Number Title Instructor Days/time Room
25B Modern Philosophy Stroud TuTh 11-12:30 100 lewis

An introduction to the history of modern philosophy through the problems and ideas of some of the most important philosophers of the seventeenth and eighteenth centuries. The course will focus on close reading and discussion of some of the major works of René Descartes, John Locke, George Berkeley, David Hume, and Immanuel Kant. Two lecture-discussion meetings and one discussion-section with a Graduate Student Instructor each week. Several short papers during the semester and a final examination. Written work will be assessed on the basis of its clarity, accuracy, and level of understanding of the philosophical issues in question.

Problems to be investigated, as they appear in the work of the different philosophers, include: What do we perceive, and how does it enable us to think and know things about the world?

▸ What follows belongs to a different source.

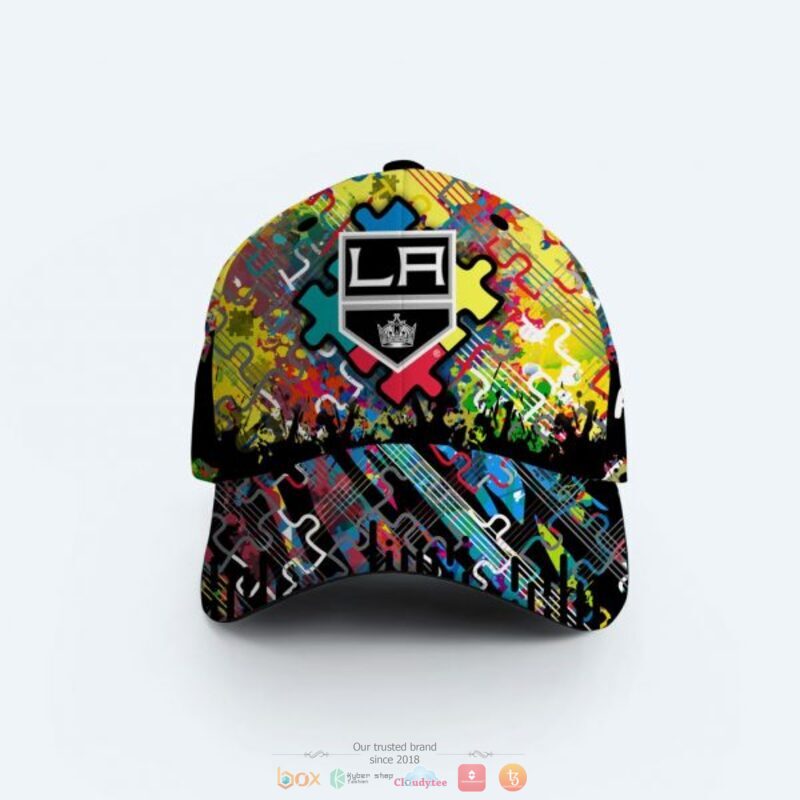 Personalized_Los_Angeles_Kings_Autism_Awareness_Concept_Cap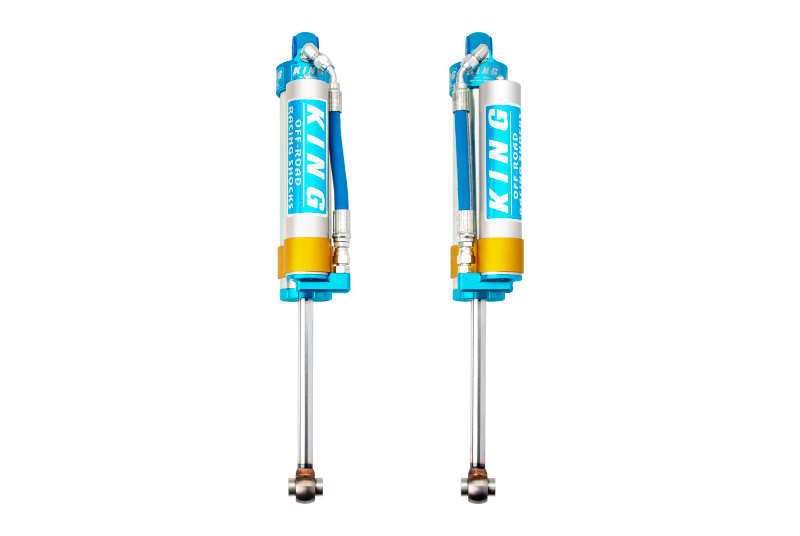 King 25001-110 Shocks 2005+ fits Nissan Frontier Rear 2.5 Dia Piggy Hose Reservoir Shock (Pair)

What can we know of our own existence and nature? How is the mind related to the body? Do objects in the world really have colors, tastes, and smells, or do we only think so because of their effects on us? Can we know that at least in general the world really is the way we believe it to be? Can we have reason to believe things about what we have not so far experienced? What is the difference between two things’ being connected as cause and effect and a mere coincidence, and how can we tell which is which? Must we think some things are causally connected with others in order to think about an independent world at all? Can we know some such things by thought alone, without dependence on sense-perception? If so, what things, and how? Is there a distinctive way in which philosophy asks and answers questions like these?